The example file I want to analyze is the following (ExampleAirplaneTicket.txt):

DOSSIER YBNUKR 
ANTOINE/DESAINT-EXUPERY
22/01/16 OS412  CDG 10:00  VIE 12:00    2:00
22/01/16 OS051  VIE 13:20  NRT +07:25   11:05 
23/01/16 OS8577 NRT 10:00  CHI 09:00    01:45

Here is the content of my billet.l (ticket.l) file:

%{
#include "billet.tab.h"
void yyerror(const char *s);
%}

DIGIT [0-9]
ALPHA [A-Za-z]
SEP [ \t]

%%

"DOSSIER"               { return DOSSIER; }
{ALPHA}{6}              { return CODE_DOSSIER; }
{ALPHA}{3}"/"           { yylval.sval = strdup(yytext); return CODE_AEROPORT; }
{ALPHA}{4}+("/"{ALPHA}+)?("-"{ALPHA}+)?  { yylval.sval = strdup(yytext); return NOM_PRENOM; }
{DIGIT}{2}"/"{DIGIT}{2}"/"{DIGIT}{2} { return DATE; }
{ALPHA}{2}{DIGIT}{2,4}  { return NUM_VOL; }
{ALPHA}{3}              { return CODE_AEROPORT; }
{DIGIT}{2}":"{DIGIT}{2} { yylval.sval = strdup(yytext); return HEURE_OR_DUREE_VOL; }
"+"                     { return PLUS; }
{SEP}+                  { }
\n                      { return NEWLINE; }
.                       { fprintf(stderr, "Caractère non autorisé: '%s'\n", yytext); exit(1); }

%%

And here is the content of my billet.y (ticket.y) file:

%{
#include <stdio.h>
#include <stdlib.h>
#include <string.h>
void yyerror(const char *s);
int yylex();
%}

%union {
  char *sval;
}

%token DOSSIER CODE_DOSSIER NEWLINE PLUS
%token <sval> DATE NUM_VOL CODE_AEROPORT HEURE_OR_DUREE_VOL
%token <sval> NOM_PRENOM

%type <sval> nom_prenom
%type <sval> heure_arrivee
%type <sval> heure_avec_plus

%%

billet: DOSSIER CODE_DOSSIER NEWLINE infos_passager NEWLINE vols;

infos_passager: nom_prenom '/' nom_prenom NEWLINE { printf("Infos passager : %s / %s\n", $1, $3); };

vols: vol NEWLINE vols | vol NEWLINE;

vol: DATE NUM_VOL CODE_AEROPORT HEURE_OR_DUREE_VOL CODE_AEROPORT heure_arrivee HEURE_OR_DUREE_VOL { printf("Vol : %s %s %s %s %s %s %s\n", $1, $2, $3, $4, $5, $6, $7); };

heure_arrivee: heure_avec_plus | HEURE_OR_DUREE_VOL;

heure_avec_plus: PLUS HEURE_OR_DUREE_VOL { $$ = $2; };

nom_prenom: NOM_PRENOM;

%%

int main() {
    yyparse();
    return 0;
}

void yyerror(const char *s) {
    fprintf(stderr, "Erreur de syntaxe : %s\n", s);
}

When I compile everything, I can't test my program on the ExampleAirplaneTicket.txt file. I simply have a syntax error, and despite several attempts, I have not been able to solve these problems or even figure out where it comes from.

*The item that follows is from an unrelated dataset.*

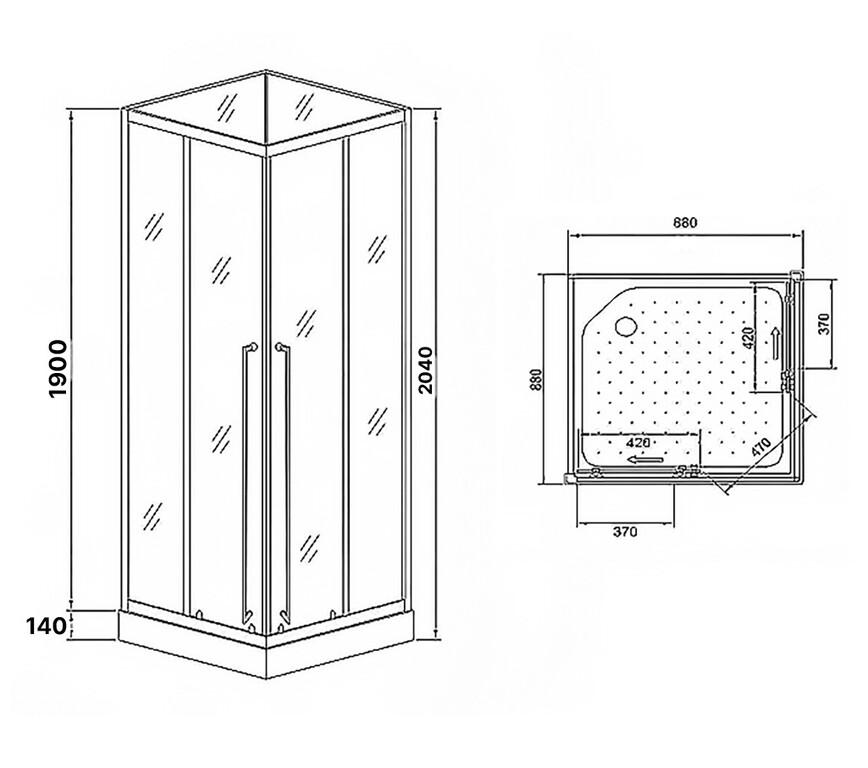 Душевая кабина Loranto CS-3008TM/W-90L 90x90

I am looking for help to understand and solve these problems. If you have any suggestions or advice on how to solve these errors, I would be very grateful.

I tried to implement a parser using flex and bison to parse a specific text format representing airline ticket information. I wrote the .l and .y files and made the necessary adjustments based on the previous problems. Now I expect the program to compile successfully and parse the file ExampleAirlineTicket.txt without any syntax errors or other problems. Except that when I test with the file I just get a syntax error, but no idea where it comes from.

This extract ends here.